**Given data**
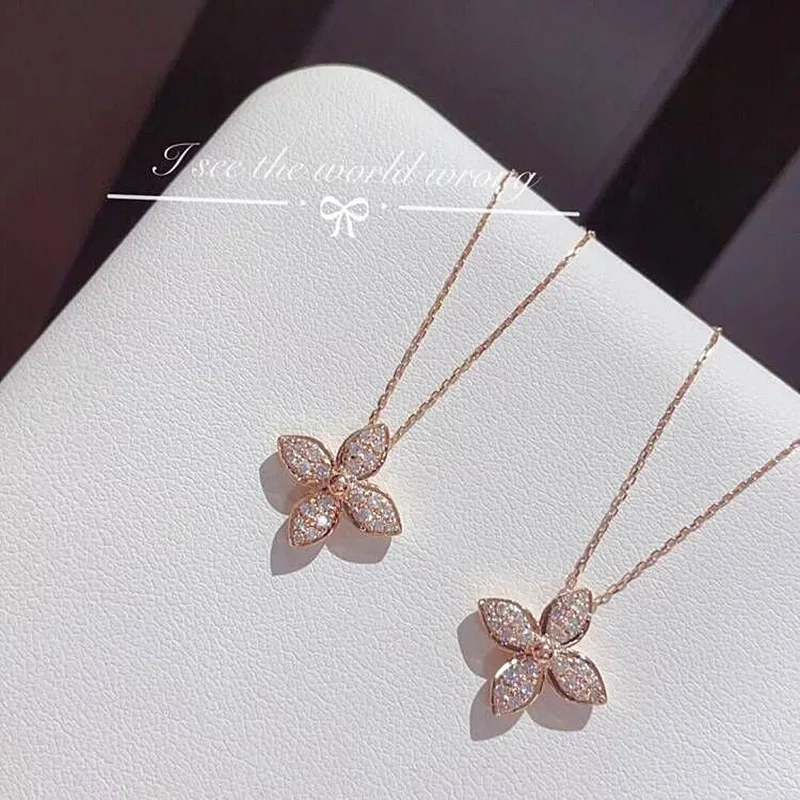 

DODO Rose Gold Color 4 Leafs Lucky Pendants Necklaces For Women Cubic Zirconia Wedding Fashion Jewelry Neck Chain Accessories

* * *

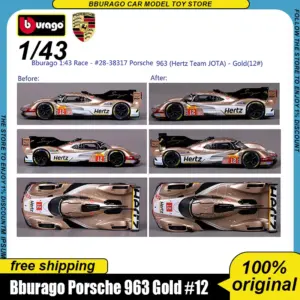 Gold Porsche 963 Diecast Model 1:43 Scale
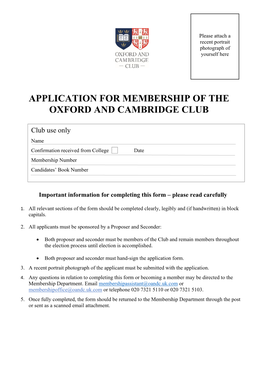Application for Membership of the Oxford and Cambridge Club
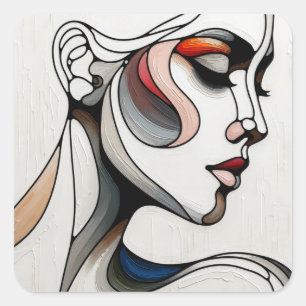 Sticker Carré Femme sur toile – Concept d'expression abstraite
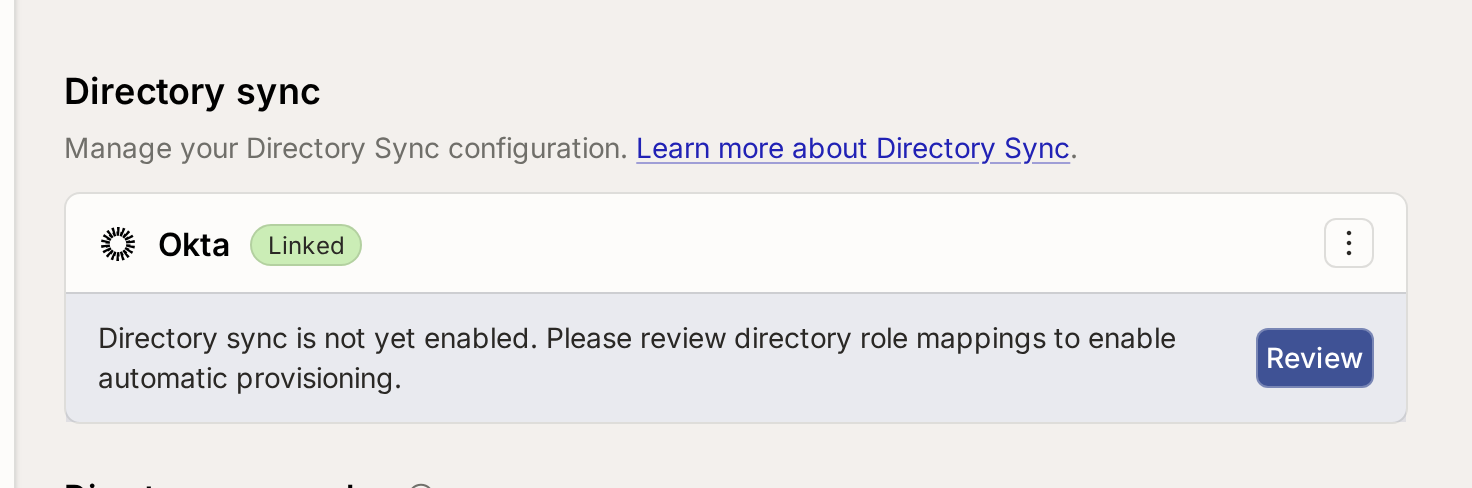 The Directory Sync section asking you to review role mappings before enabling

**Task prompt**
Retype the lines above exactly as they appear, from the line containing "Application for Membership" through the line containing "The Directory Sync", and leave out any pictures.

**Answer for this exercise**
Application for Membership of the Oxford and Cambridge Club
 Sticker Carré Femme sur toile – Concept d'expression abstraite
 The Directory Sync section asking you to review role mappings before enabling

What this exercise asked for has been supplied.